▶ Data section

================

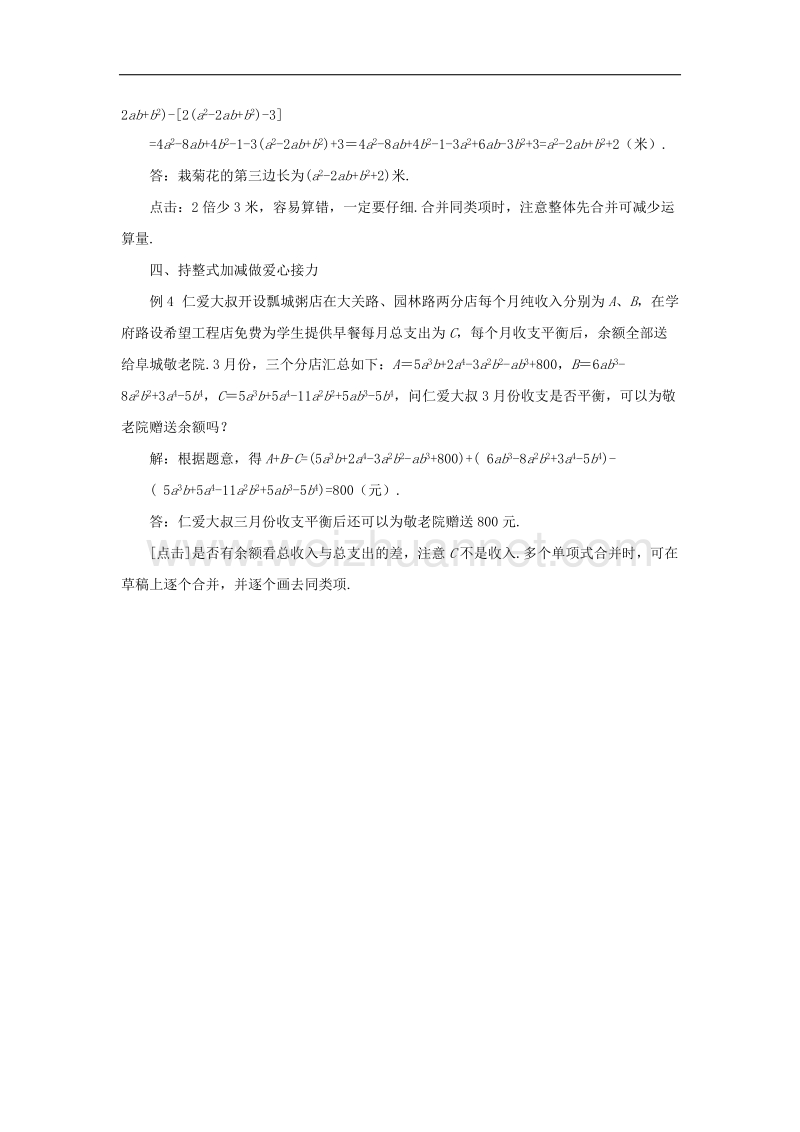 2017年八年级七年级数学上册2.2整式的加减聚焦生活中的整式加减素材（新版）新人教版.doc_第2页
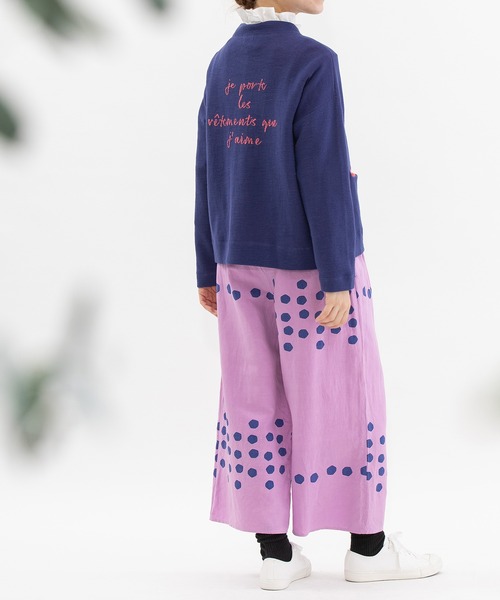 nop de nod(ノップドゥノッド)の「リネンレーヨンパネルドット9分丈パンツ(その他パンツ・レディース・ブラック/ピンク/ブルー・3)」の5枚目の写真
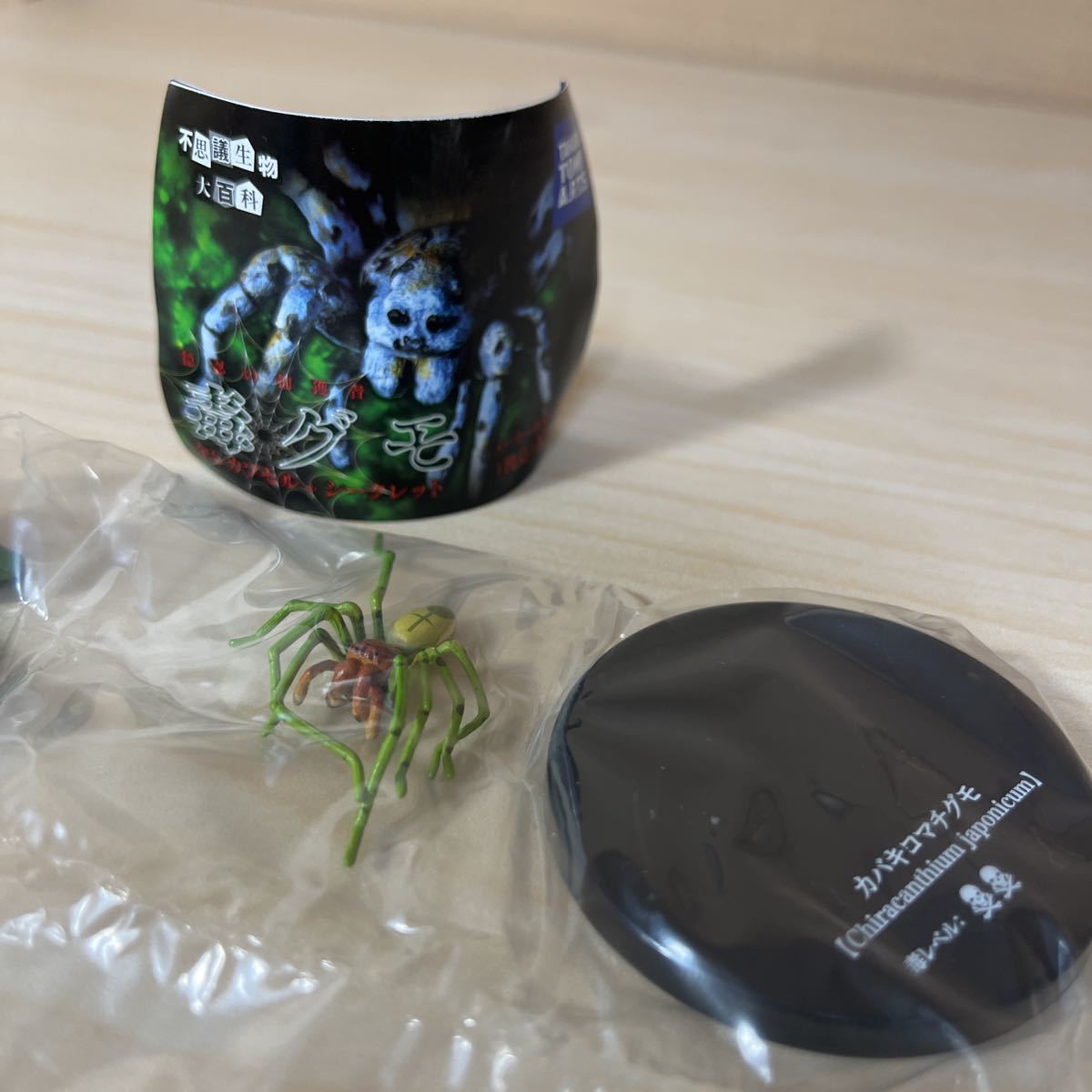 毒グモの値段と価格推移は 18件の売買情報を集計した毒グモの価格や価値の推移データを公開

================

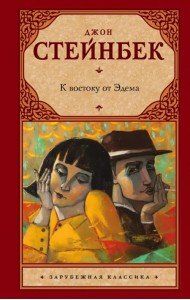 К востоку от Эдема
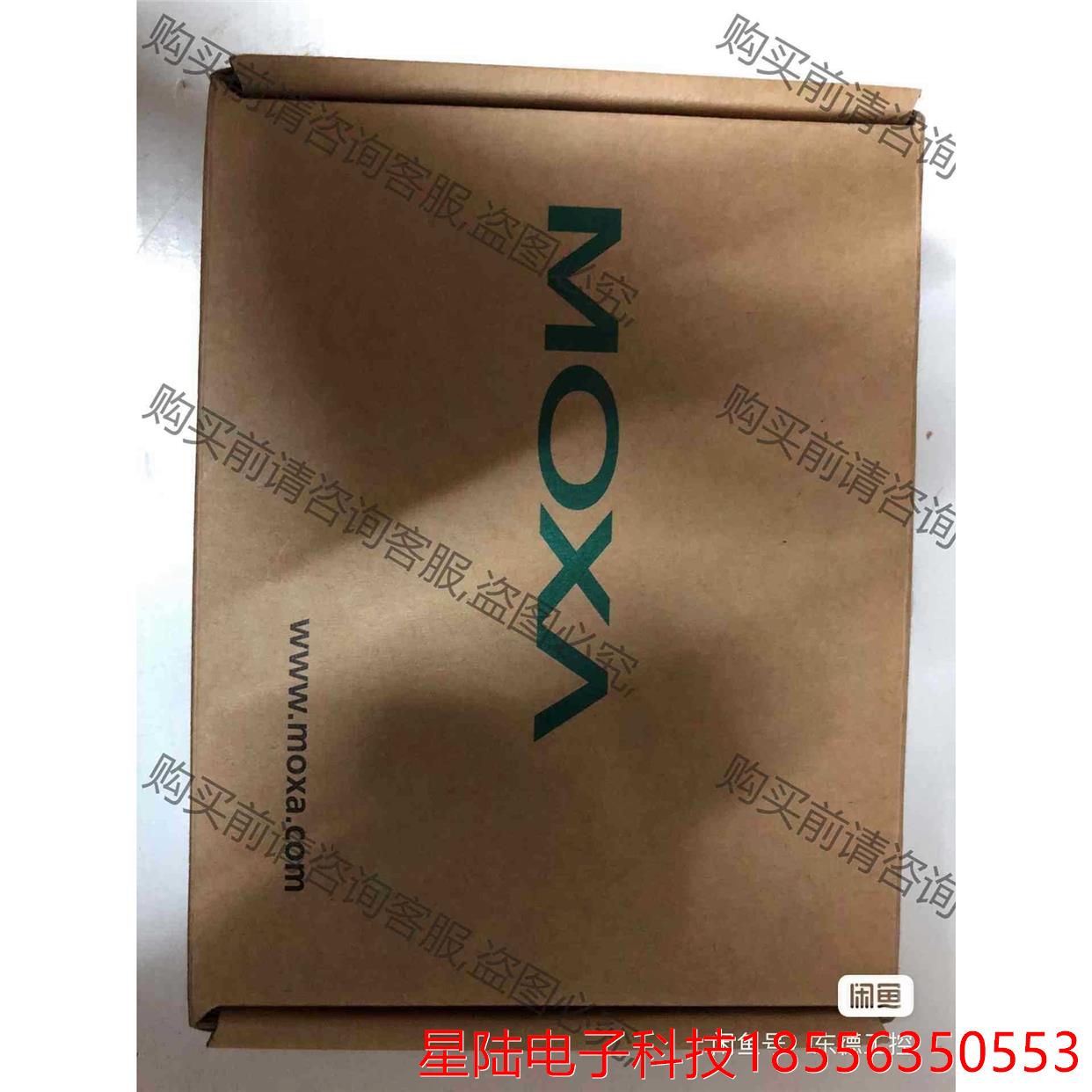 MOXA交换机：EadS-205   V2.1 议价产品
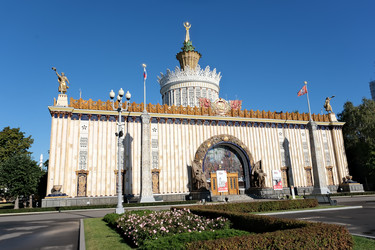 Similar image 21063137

================

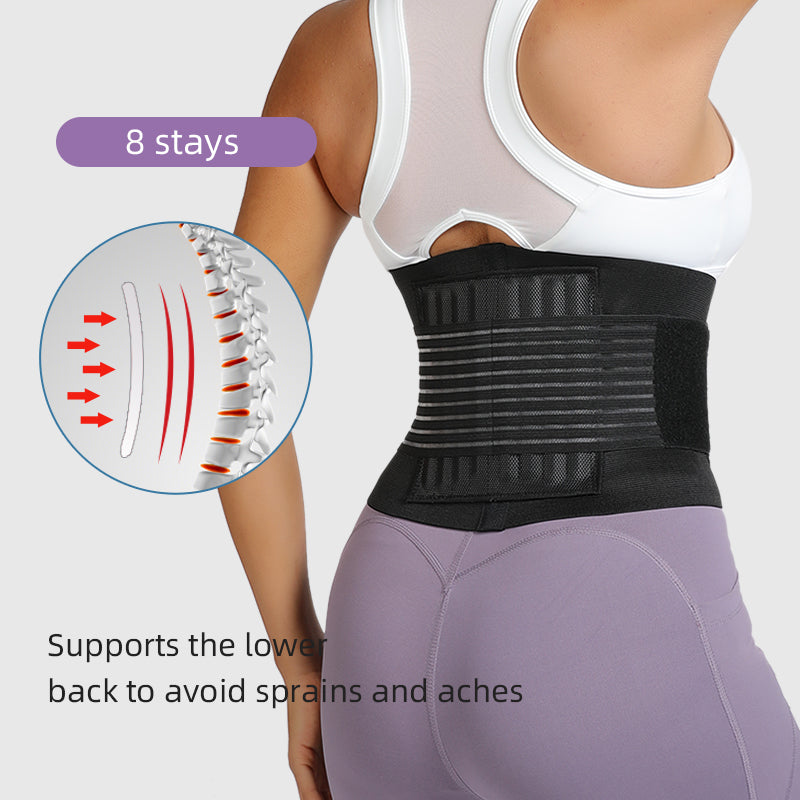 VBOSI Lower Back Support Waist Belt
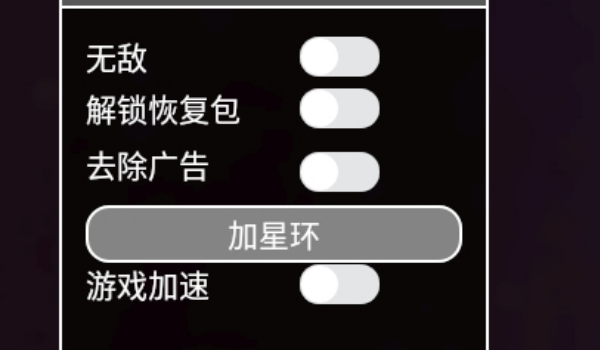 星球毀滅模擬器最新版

================

▶ Required action
Although the records above contain pictures, the copy must not; set down exactly the lines from the one with "2017年八年级七年级数学上" up to and including the one with "毒グモの値段と価格推移は 1".

▶ Task answer
 2017年八年级七年级数学上册2.2整式的加减聚焦生活中的整式加减素材（新版）新人教版.doc_第2页
 nop de nod(ノップドゥノッド)の「リネンレーヨンパネルドット9分丈パンツ(その他パンツ・レディース・ブラック/ピンク/ブルー・3)」の5枚目の写真
 毒グモの値段と価格推移は 18件の売買情報を集計した毒グモの価格や価値の推移データを公開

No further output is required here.